Your house just happened to be the first
I saw when I fell.
The cloud thanked us for our hospitality,
and made his way back to the rain.
We thought it strange that god
would entrust a cloud who confuses
fireplaces for pits of hell.
The Light in the Dark
Last Sunday we woke to what we thought to be the early morning pre-dawn darkness and the screeching sounds of the neighborhood hawk poking its bloody beak into some smaller, half-dead bird. So, we went to our pillowcases with American dreams of brunch at the bistro.
After three hours our late-sleeper bones shook us awake. When we opened the blinds whole families were walking down the street out front, looking up. My cell phone said noon but the day was black as an imagined dark at the end of a tragic novel. And there were no birds at all— just children rubbing sleep from their eyes, blinded by the absence of birds.
It was on every channel. The news showed clips of New York City, London, Dubai, etc. The only light in the dark was riot fires in front of every cameraman. The sun was simply gone.
A few days ago the fires finally died down. Now all the blind children run around naked, bats nest in the grocery stores, shriveling houseplants hide in the corner. No one knows when it’s going to rain, or when to have a lazy day, or what kind of music to listen to, or what to do with the family of wolves on the back steps, with shadows, with all the sweaty dreams of sunlight.
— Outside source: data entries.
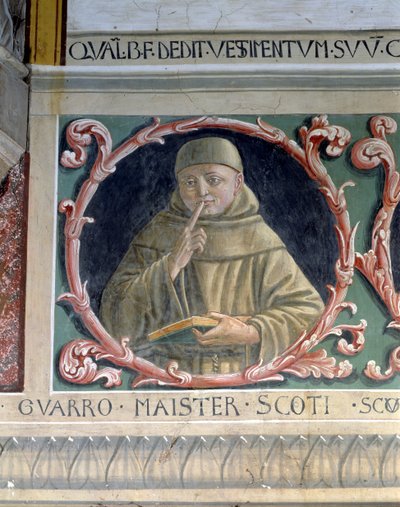 John Duns Scoto (c.1265-c.1308) 1450 da Benozzo di Lese di Sandro Gozzoli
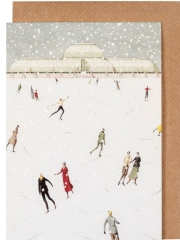 SKATING AT KEW GREETING CARD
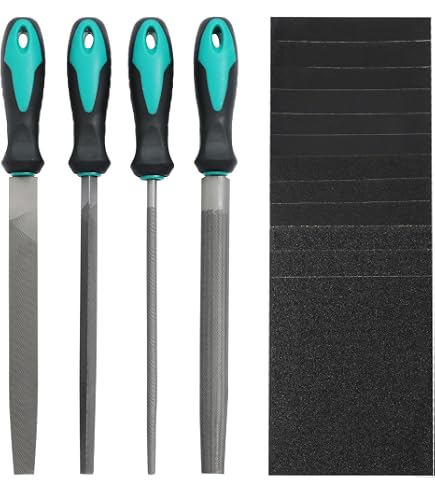 File Sets Edward Tools 8 Inch File Set - 5 Piece T12 Steel Files For ...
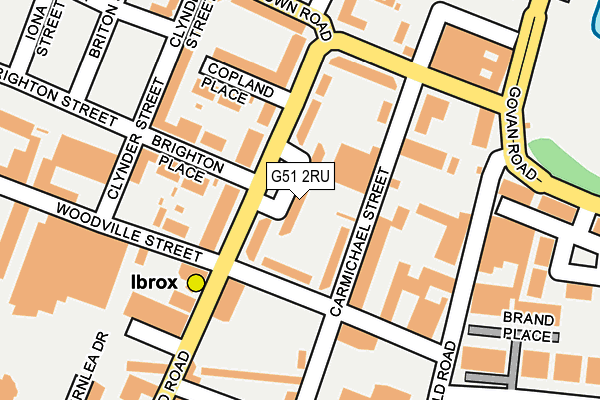 G51 2RU map - OS OpenMap – Local (Ordnance Survey)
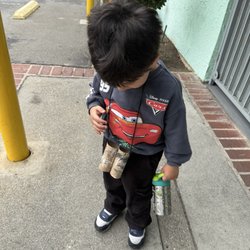 Enchanted Castle Montessori School - San Marino - Son showing off his new invention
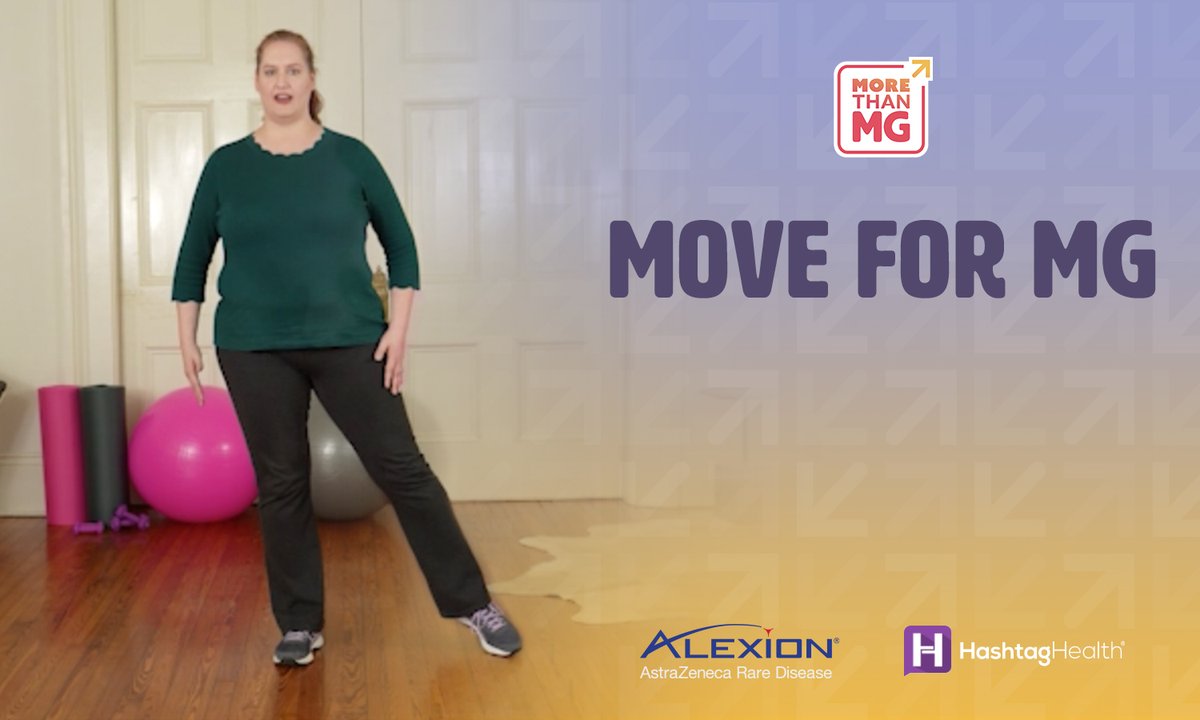HashtagHealthUS's tweet image. Myasthenia gravis (MG) is a rare autoimmune disease that can cause muscles to not always work properly, leaving many suffering with the disease unsure of what type of exercise they can do to avoidexacerbating their symptoms. Our “Move for MG” video series displayss appropriate…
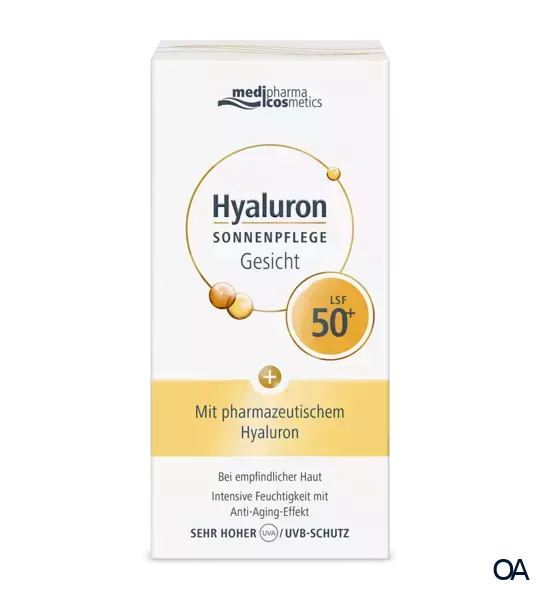 medipharma cosmetics Hyaluron Sonnenpflege Gesicht LSF 50+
It’s Sunday again. This morning we woke to what we thought to be the puppy whimpering beside the bed, needing to pee. I reached to grab him and burned my hand on something. Fearing a fire I hunched by the bed to see a tiny sun cowering in the corner of the baseboards, like some lost orphan, burning black rings in the floor as he tried to roll away.
We’ve discussed keeping him as our own son. I’m not sure how to raise him, feed him, or teach him. What kind of clothes does the sun wear? I don’t know why he chose us, but I’m so happy I don’t think about all those blind kids out there.